How to cite this URL:
Puri V. Metronidazole neurotoxicity. Neurol India [serial online] 2011 [cited 2019 Aug 22];59:4-5. Available from: http://www.neurologyindia.com/text.asp?2011/59/1/4/76848


Metronidazole is a commonly used antibiotic for various anaerobic and protozoal infections. Inappropriate use in an excess dose can result in neurological complications, both in central and peripheral nervous systems. Neurological complications are common when the drug is used in a dose exceeding 2 g/day for prolonged periods. [1]

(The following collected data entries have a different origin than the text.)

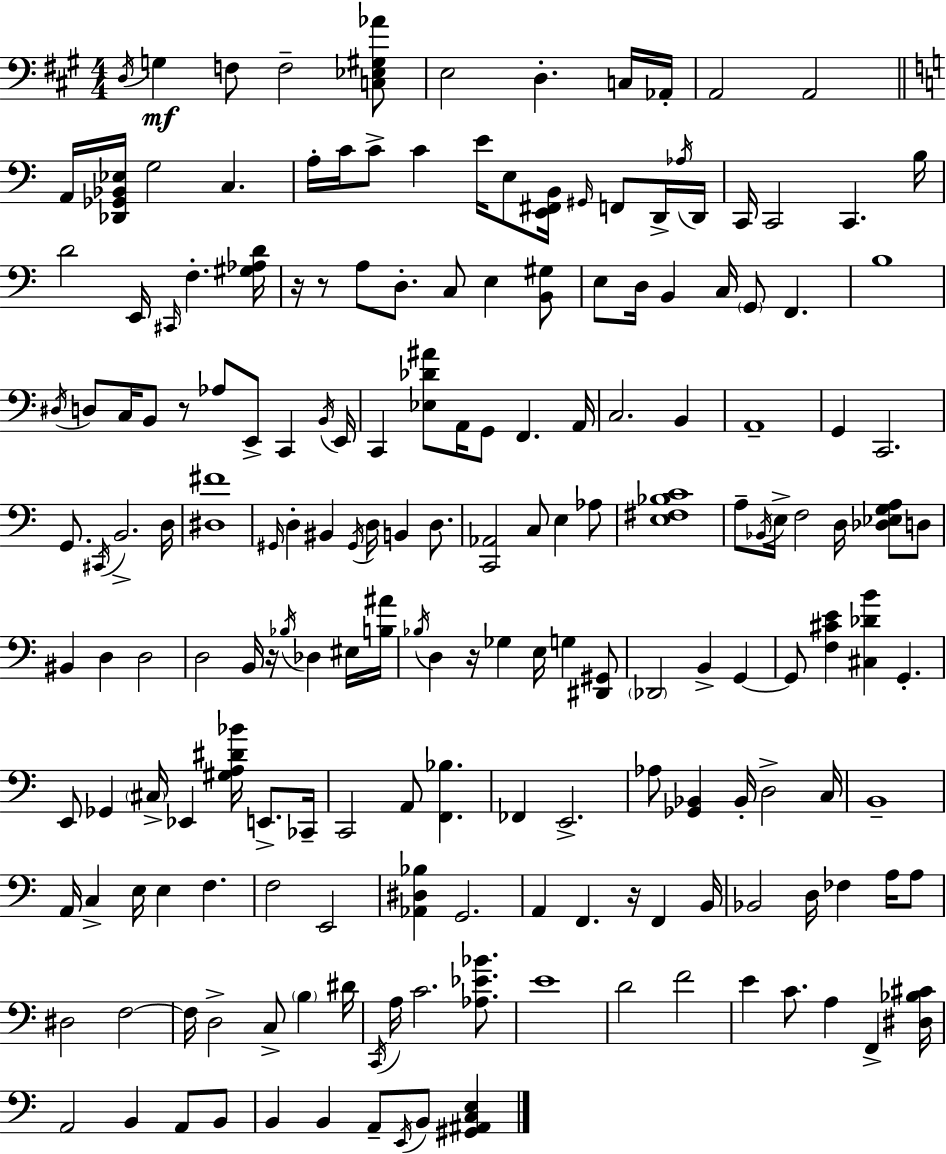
X:1
T:Untitled
M:4/4
L:1/4
K:A
D,/4 G, F,/2 F,2 [C,_E,^G,_A]/2 E,2 D, C,/4 _A,,/4 A,,2 A,,2 A,,/4 [_D,,_G,,_B,,_E,]/4 G,2 C, A,/4 C/4 C/2 C E/4 E,/2 [E,,^F,,B,,]/4 ^G,,/4 F,,/2 D,,/4 _A,/4 D,,/4 C,,/4 C,,2 C,, B,/4 D2 E,,/4 ^C,,/4 F, [^G,_A,D]/4 z/4 z/2 A,/2 D,/2 C,/2 E, [B,,^G,]/2 E,/2 D,/4 B,, C,/4 G,,/2 F,, B,4 ^D,/4 D,/2 C,/4 B,,/2 z/2 _A,/2 E,,/2 C,, B,,/4 E,,/4 C,, [_E,_D^A]/2 A,,/4 G,,/2 F,, A,,/4 C,2 B,, A,,4 G,, C,,2 G,,/2 ^C,,/4 B,,2 D,/4 [^D,^F]4 ^G,,/4 D, ^B,, ^G,,/4 D,/4 B,, D,/2 [C,,_A,,]2 C,/2 E, _A,/2 [E,^F,_B,C]4 A,/2 _B,,/4 E,/4 F,2 D,/4 [_D,_E,G,A,]/2 D,/2 ^B,, D, D,2 D,2 B,,/4 z/4 _B,/4 _D, ^E,/4 [B,^A]/4 _B,/4 D, z/4 _G, E,/4 G, [^D,,^G,,]/2 _D,,2 B,, G,, G,,/2 [F,^CE] [^C,_DB] G,, E,,/2 _G,, ^C,/4 _E,, [^G,A,^D_B]/4 E,,/2 _C,,/4 C,,2 A,,/2 [F,,_B,] _F,, E,,2 _A,/2 [_G,,_B,,] _B,,/4 D,2 C,/4 B,,4 A,,/4 C, E,/4 E, F, F,2 E,,2 [_A,,^D,_B,] G,,2 A,, F,, z/4 F,, B,,/4 _B,,2 D,/4 _F, A,/4 A,/2 ^D,2 F,2 F,/4 D,2 C,/2 B, ^D/4 C,,/4 A,/4 C2 [_A,_E_B]/2 E4 D2 F2 E C/2 A, F,, [^D,_B,^C]/4 A,,2 B,, A,,/2 B,,/2 B,, B,, A,,/2 E,,/4 B,,/2 [^G,,^A,,C,E,]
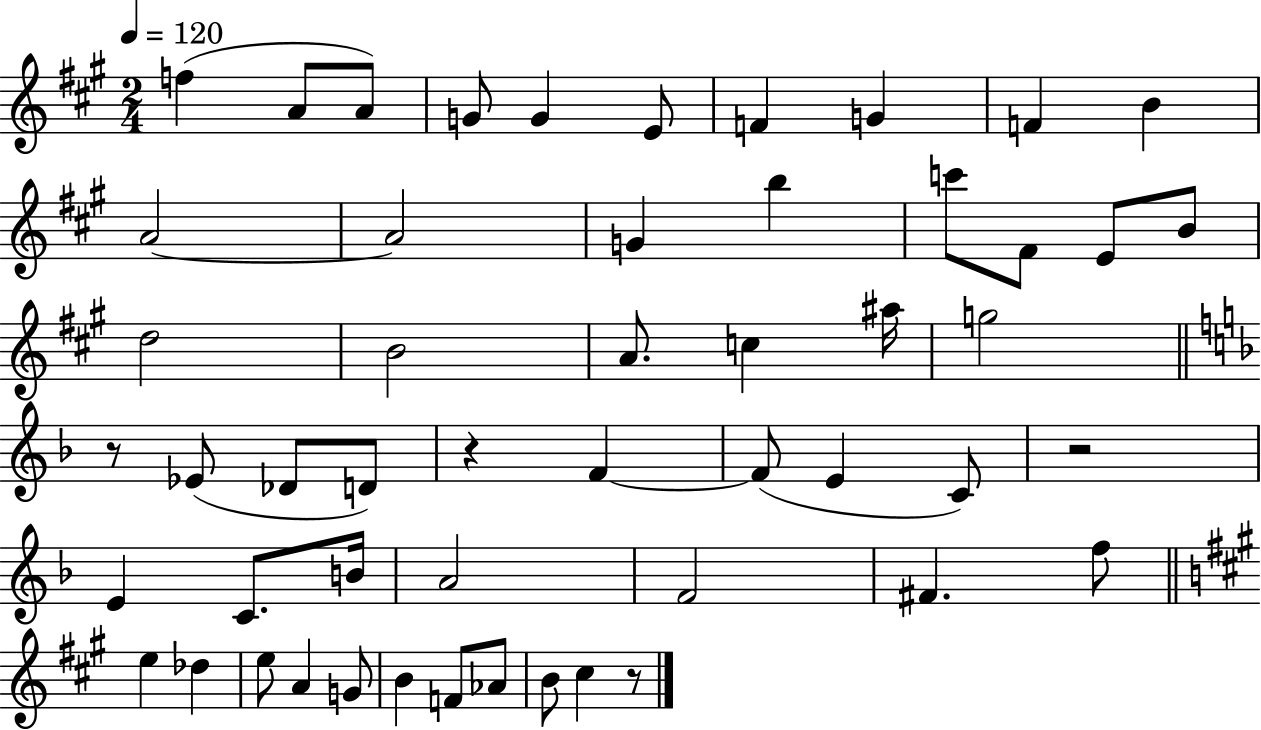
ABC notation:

X:1
T:Untitled
M:2/4
L:1/4
K:A
f A/2 A/2 G/2 G E/2 F G F B A2 A2 G b c'/2 ^F/2 E/2 B/2 d2 B2 A/2 c ^a/4 g2 z/2 _E/2 _D/2 D/2 z F F/2 E C/2 z2 E C/2 B/4 A2 F2 ^F f/2 e _d e/2 A G/2 B F/2 _A/2 B/2 ^c z/2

Magnetic resonance imaging (MRI) abnormalities have been described with metronidazole overdosage; however, it is not clear why only few patients develop these abnormalities and also with serum levels in the therapeutic range. [2] MRI brain lesions are hyperintense on T2-weighted and FLAIR sequences with no mass effect. The lesions may show restricted diffusion and are non-enhancing on contrast administration. Characteristically, these lesions are mostly symmetric and bilateral involving cerebellar dentate nuclei, midbrain, dorsal pons (the vestibular nucleus, abducens nucleus, and superior olivary nucleus), splenium of the corpus callosum, and the dorsal medulla. Unusual sites are the inferior olivary nucleus and cerebellar white matter. [3],[4],[5],[6] MR spectroscopy abnormalities have been postulated to a reversible mitochondrial dysfunction in susceptible patients. [7] Reversal of clinical as well as MRI abnormalities after cessation of drug intake is characteristic feature of metronidazole intoxication.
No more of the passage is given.